● Exercise data:
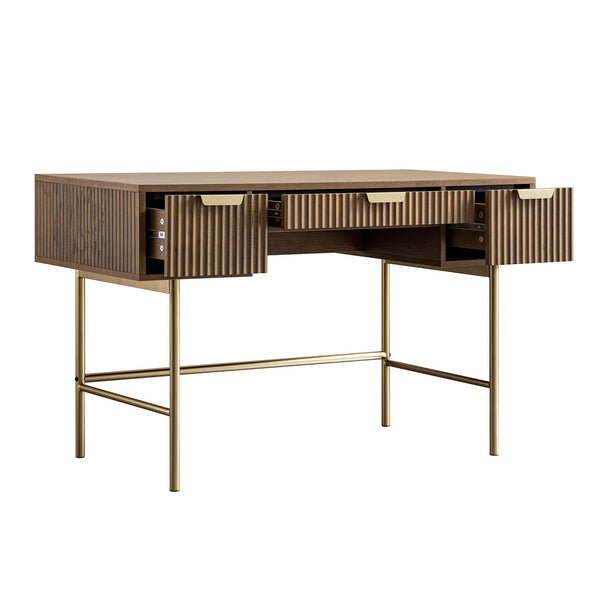 Richmond Ridged Vanity Table, Dark Ash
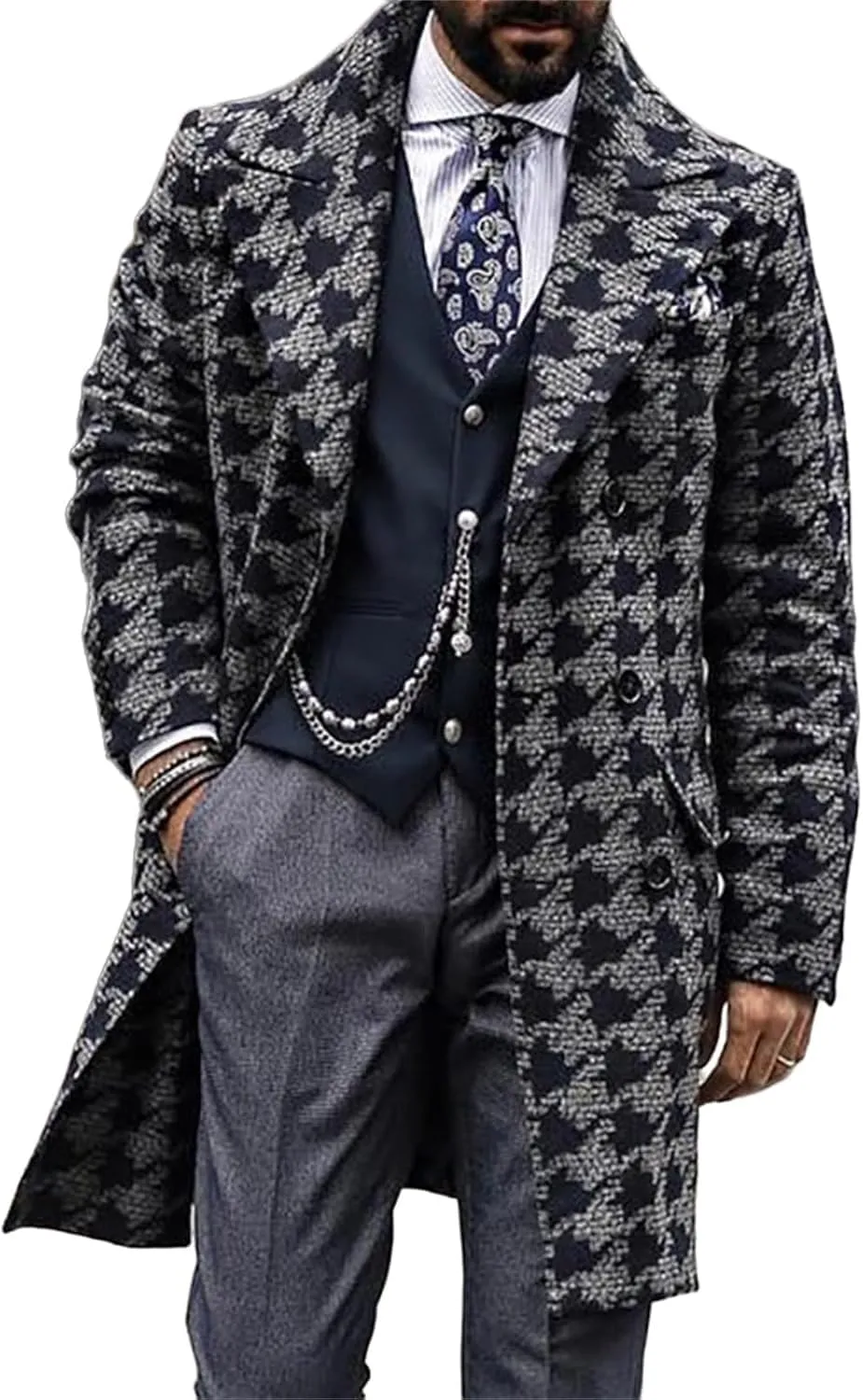Men's Long Suit Jacket Houndstooth Trench Coat Double Breasted Notched Collar Winter Overcoat Casual Pea Coats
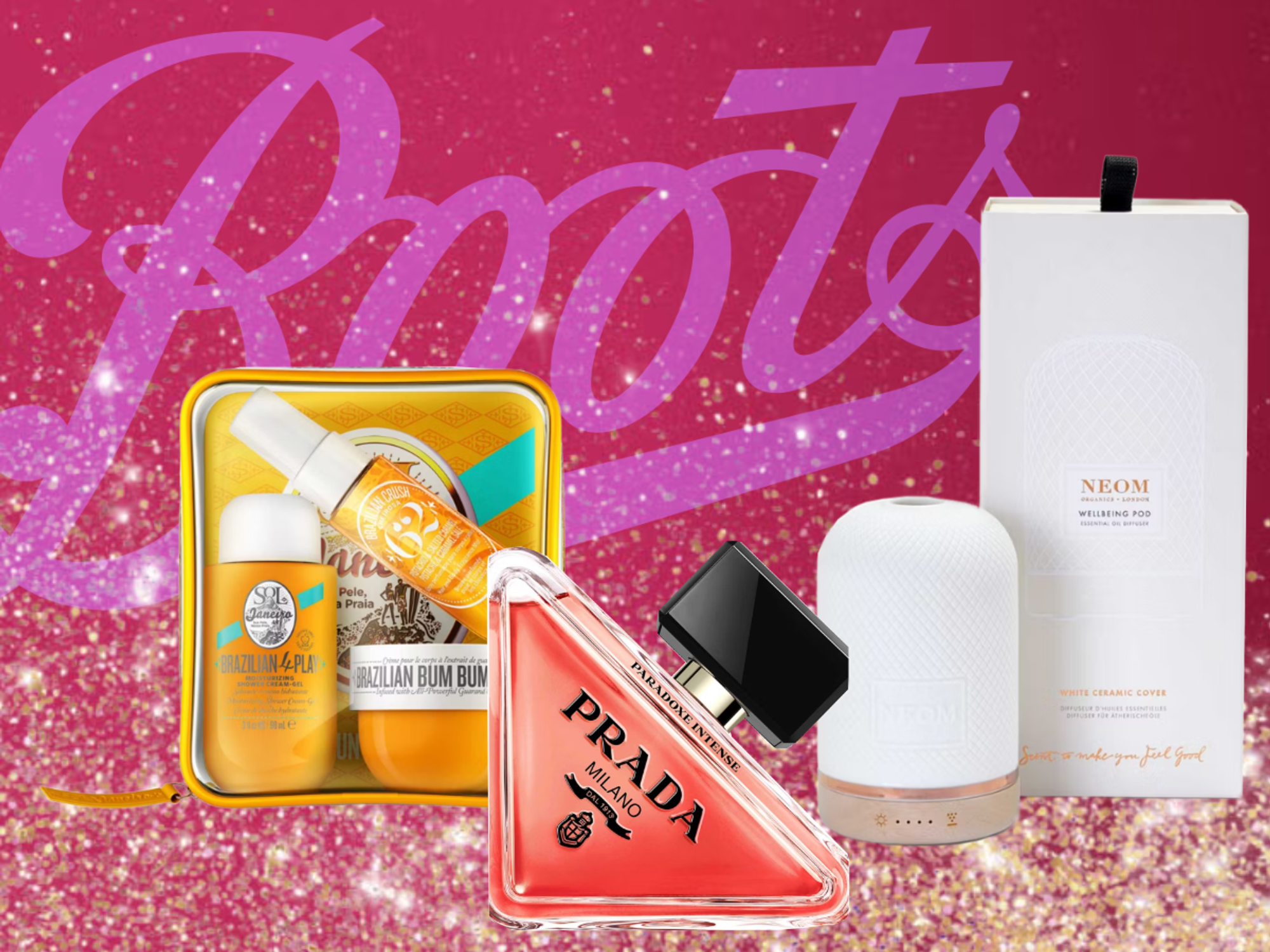 Beauty, skincare, and wellness products on sale in front of Boots logo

● Problem description:
Since the pictures are not wanted, give the material again exactly without them.

● Exercise solution:
 Richmond Ridged Vanity Table, Dark Ash
Men's Long Suit Jacket Houndstooth Trench Coat Double Breasted Notched Collar Winter Overcoat Casual Pea Coats
 Beauty, skincare, and wellness products on sale in front of Boots logo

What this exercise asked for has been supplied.